Exercise aim: In the listing below, report how many lines include the string "Ford", giving only that number.

Exercise material:
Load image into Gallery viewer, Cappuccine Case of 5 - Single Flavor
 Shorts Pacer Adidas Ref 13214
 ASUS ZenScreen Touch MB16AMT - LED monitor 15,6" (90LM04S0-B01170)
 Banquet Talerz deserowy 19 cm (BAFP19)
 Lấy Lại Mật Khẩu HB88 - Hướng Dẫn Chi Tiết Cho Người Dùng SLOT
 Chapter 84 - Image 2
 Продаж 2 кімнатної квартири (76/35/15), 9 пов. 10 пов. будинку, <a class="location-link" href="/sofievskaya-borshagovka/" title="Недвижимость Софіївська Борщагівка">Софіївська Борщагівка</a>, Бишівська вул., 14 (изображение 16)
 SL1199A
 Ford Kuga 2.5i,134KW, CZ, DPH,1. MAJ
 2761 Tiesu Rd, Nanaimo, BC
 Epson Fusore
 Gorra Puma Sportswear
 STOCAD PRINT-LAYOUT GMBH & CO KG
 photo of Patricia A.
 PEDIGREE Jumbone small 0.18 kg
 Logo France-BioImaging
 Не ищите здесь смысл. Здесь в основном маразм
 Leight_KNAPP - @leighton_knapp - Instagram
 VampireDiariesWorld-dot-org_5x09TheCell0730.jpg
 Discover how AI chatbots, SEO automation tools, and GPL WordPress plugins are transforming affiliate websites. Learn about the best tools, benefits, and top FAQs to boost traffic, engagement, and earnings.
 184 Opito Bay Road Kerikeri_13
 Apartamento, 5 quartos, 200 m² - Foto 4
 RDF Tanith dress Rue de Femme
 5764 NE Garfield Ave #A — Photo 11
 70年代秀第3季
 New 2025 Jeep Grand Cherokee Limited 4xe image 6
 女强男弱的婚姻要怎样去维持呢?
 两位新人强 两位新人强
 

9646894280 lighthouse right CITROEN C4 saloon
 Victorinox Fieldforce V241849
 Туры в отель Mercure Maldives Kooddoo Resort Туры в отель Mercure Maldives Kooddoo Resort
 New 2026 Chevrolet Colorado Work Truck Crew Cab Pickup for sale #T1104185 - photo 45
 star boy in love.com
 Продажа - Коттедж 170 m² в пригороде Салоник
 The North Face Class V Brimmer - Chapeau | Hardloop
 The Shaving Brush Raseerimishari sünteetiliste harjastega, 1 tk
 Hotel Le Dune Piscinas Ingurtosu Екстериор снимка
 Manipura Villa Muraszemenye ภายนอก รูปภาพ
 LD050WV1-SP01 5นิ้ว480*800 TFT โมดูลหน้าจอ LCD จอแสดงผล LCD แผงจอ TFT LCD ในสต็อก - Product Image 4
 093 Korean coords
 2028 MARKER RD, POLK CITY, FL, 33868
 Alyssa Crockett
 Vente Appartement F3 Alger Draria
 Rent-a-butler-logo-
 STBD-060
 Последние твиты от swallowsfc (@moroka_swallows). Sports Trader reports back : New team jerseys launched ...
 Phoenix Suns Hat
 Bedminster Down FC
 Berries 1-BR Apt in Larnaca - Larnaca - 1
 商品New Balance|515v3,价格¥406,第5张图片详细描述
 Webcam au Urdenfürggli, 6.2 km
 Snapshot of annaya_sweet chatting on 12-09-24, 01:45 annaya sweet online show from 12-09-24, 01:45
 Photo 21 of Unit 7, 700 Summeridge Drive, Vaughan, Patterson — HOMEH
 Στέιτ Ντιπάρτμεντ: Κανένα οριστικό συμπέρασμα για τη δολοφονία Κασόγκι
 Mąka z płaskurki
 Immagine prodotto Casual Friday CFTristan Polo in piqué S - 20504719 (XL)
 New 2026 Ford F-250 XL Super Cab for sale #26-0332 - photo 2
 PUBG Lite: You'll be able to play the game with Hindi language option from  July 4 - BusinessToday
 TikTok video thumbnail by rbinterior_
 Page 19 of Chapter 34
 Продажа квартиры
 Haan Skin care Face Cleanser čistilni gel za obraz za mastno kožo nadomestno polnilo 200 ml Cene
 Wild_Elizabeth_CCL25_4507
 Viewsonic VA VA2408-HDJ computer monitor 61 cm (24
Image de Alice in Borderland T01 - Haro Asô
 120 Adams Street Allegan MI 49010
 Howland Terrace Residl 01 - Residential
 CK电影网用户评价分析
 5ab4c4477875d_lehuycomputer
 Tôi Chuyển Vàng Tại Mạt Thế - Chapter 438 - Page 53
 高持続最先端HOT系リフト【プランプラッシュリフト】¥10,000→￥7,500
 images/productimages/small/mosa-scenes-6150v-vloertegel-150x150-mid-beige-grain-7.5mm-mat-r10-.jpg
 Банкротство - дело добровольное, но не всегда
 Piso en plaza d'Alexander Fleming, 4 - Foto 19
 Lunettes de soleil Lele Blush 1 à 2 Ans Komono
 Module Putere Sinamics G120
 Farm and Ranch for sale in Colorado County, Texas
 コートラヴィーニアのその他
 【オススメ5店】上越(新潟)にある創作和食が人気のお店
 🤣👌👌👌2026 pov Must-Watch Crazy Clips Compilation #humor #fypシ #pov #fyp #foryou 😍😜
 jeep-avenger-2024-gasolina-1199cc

Reply: 2